The Property Allowance
If your total rental income is £1,000 or less in the tax year, it is fully covered by the Property Allowance and you do not need to declare it or pay tax. If it is between £1,000 and slightly higher amounts, you can choose to deduct £1,000 as a flat allowance instead of calculating individual expenses — useful for small or occasional lets with minimal costs.
Allowable Expenses for Landlords
You can deduct the following from your rental income: letting agent fees and management charges; legal fees for new tenancy agreements under one year, and for renewing a lease; accountancy fees for preparing rental accounts; buildings and contents insurance; maintenance and repairs (not improvements); council tax and utility bills (if paid by you and not recharged to tenants); ground rent and service charges for leasehold properties; advertising costs; the cost of providing services such as cleaning communal areas.

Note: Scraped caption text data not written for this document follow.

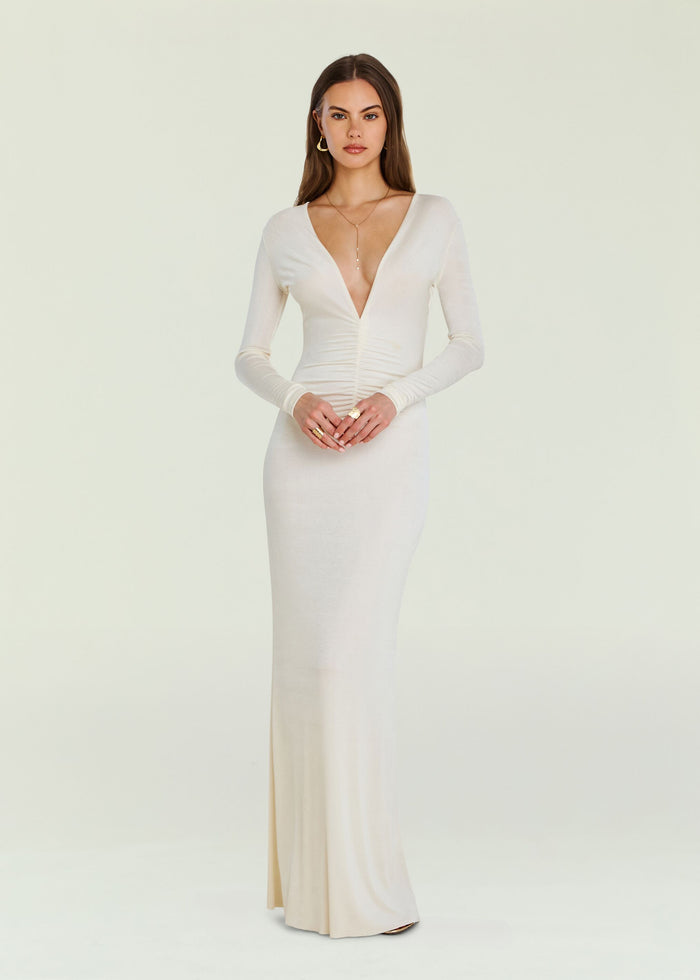 Front view of a model wearing a cream Ebony Maxi Dress with a plunging one shoulder neckline and fitted silhouette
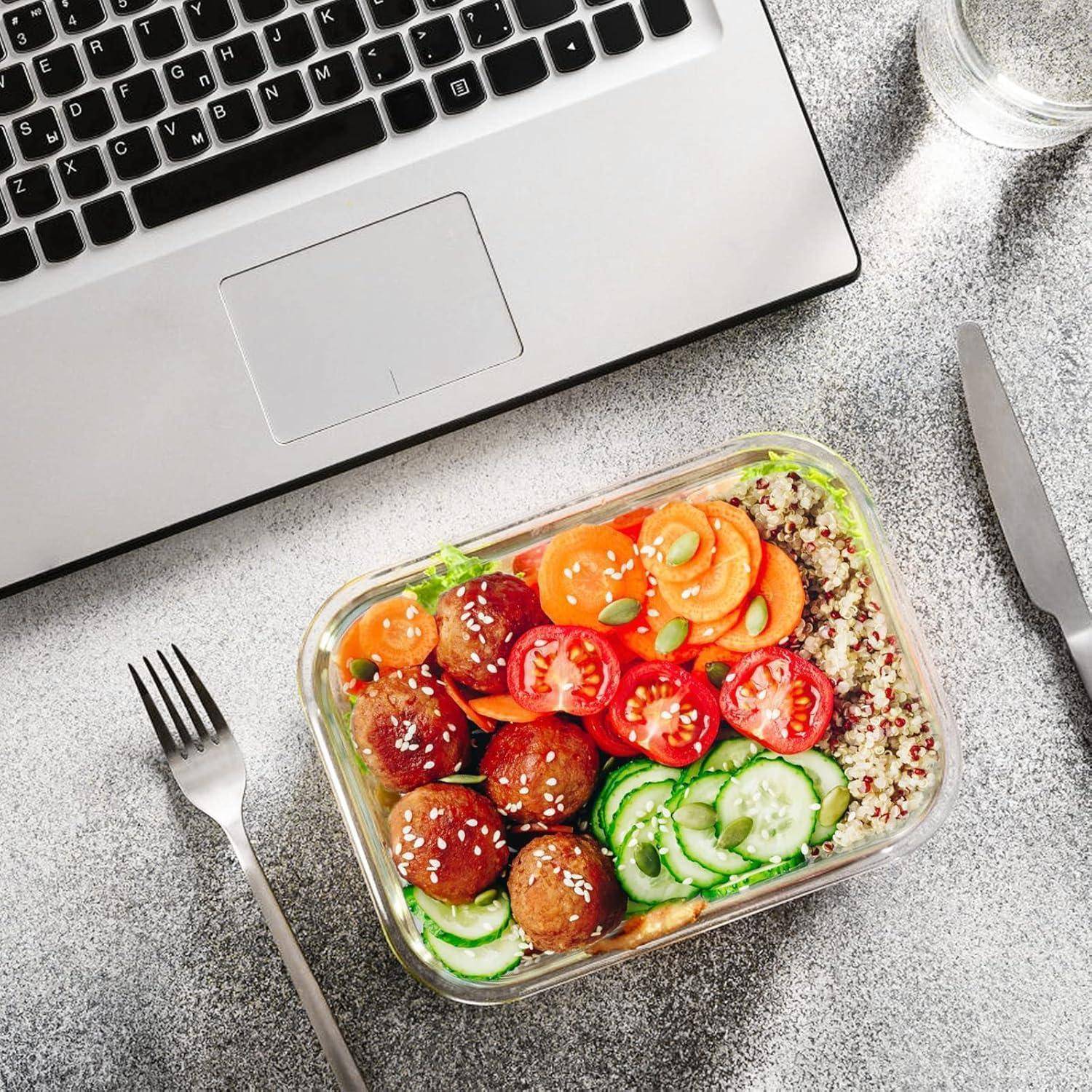 Ein Laptop und eine Gabel neben einem Behälter mit Quinoa, Salat, in Scheiben geschnittenen Gurken, Tomaten, Karotten und Falafel-Bällchen auf einer grauen Oberfläche.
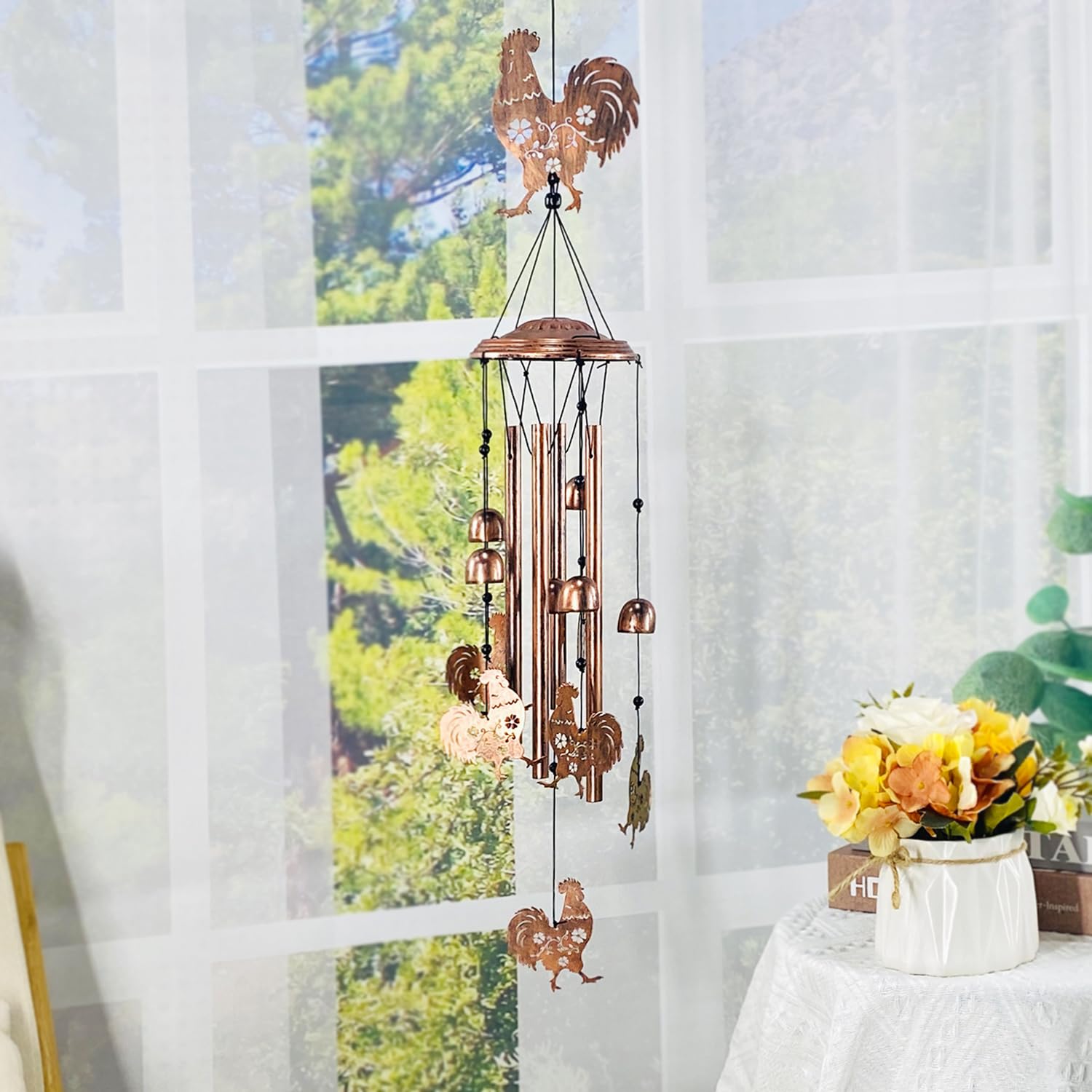 TIGGSY wind chime in a garden setting adding charming decor and soft melodic background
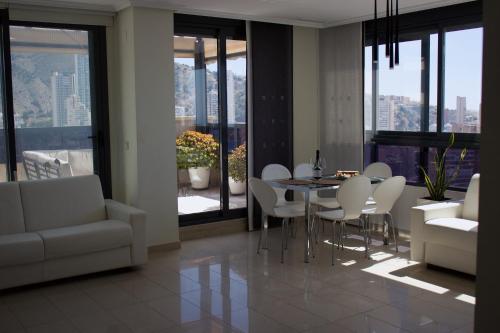 ein Wohnzimmer mit einem Esstisch und Stühlen in der Unterkunft LUXURY Residence Gemelos 26 in Benidorm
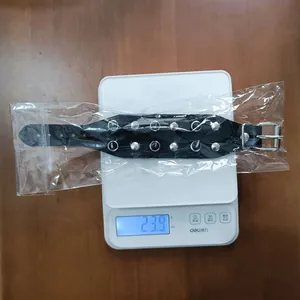 Macro detail of a punk rock leather bracelet with silver studs weighing 23.9g on a digital scale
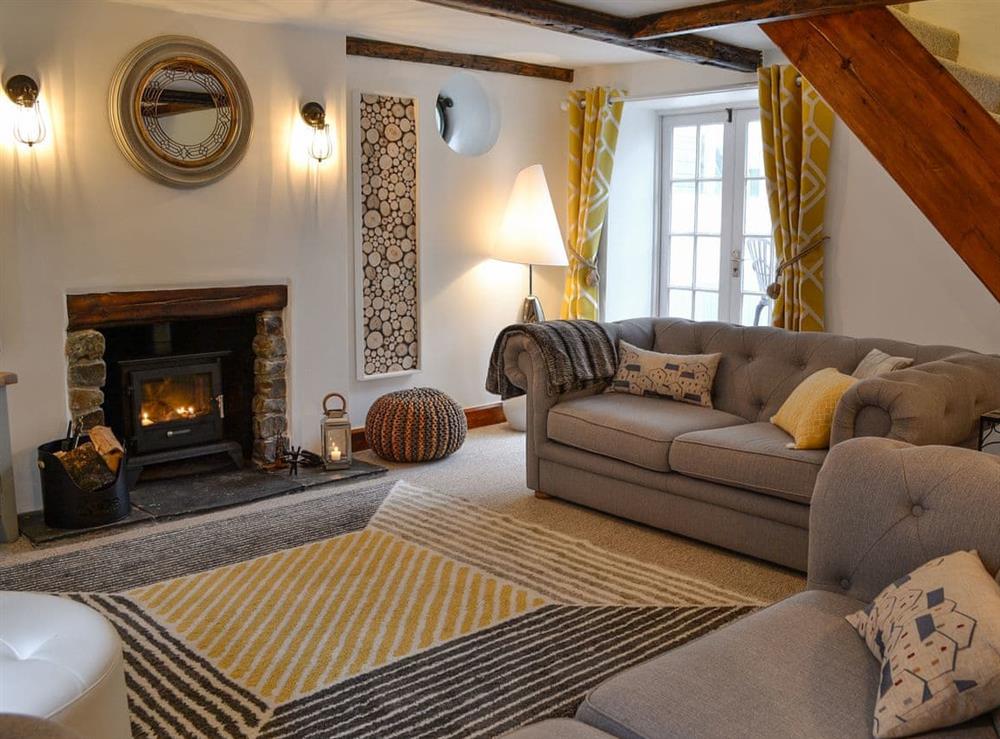 Cosy living room with multi-fuel burner & smart TV at Harbour Hideaway in Ilfracombe, Devon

Mortgage Interest: Section 24
The Section 24 restriction (phased in from April 2017, fully in force from April 2020) means residential landlords can no longer deduct mortgage interest as an expense. Instead, they receive a 20% tax credit on finance costs. This change primarily hurts higher rate taxpayers: a landlord paying 40% tax who previously deducted £10,000 of interest (saving £4,000 in tax) now only gets a £2,000 credit. The change does not apply to commercial property or furnished holiday lettings.
Capital vs Revenue Expenditure
Only repairs and maintenance are deductible revenue expenses — not improvements. Replacing a like-for-like kitchen is a repair; upgrading to a significantly better kitchen is an improvement and must go through capital allowances instead. The distinction matters and HMRC challenges claims where improvements are dressed as repairs.
The Rent-a-Room Scheme
If you let a furnished room in your own home (not a buy-to-let), you can receive up to £7,500 of rent tax-free under the Rent-a-Room Scheme. If income exceeds £7,500, you either pay tax on the full amount above £7,500 or opt out of the scheme and declare all income minus all expenses — whichever is more beneficial.
Reporting Rental Income
Rental income above £1,000 must be declared on your Self-Assessment tax return. Even if you are an employee with all your employment income taxed through PAYE, you must file a Self-Assessment return to declare rental income. Keep records of all income received and all expenses paid, including dated receipts and bank statements.
Making Tax Digital
From April 2026, landlords with rental income above £50,000 (combined with self-employment income if applicable) will be required to use MTD-compatible software and submit quarterly updates to HMRC. The threshold drops to £30,000 from April 2027. Start using digital records now to be prepared.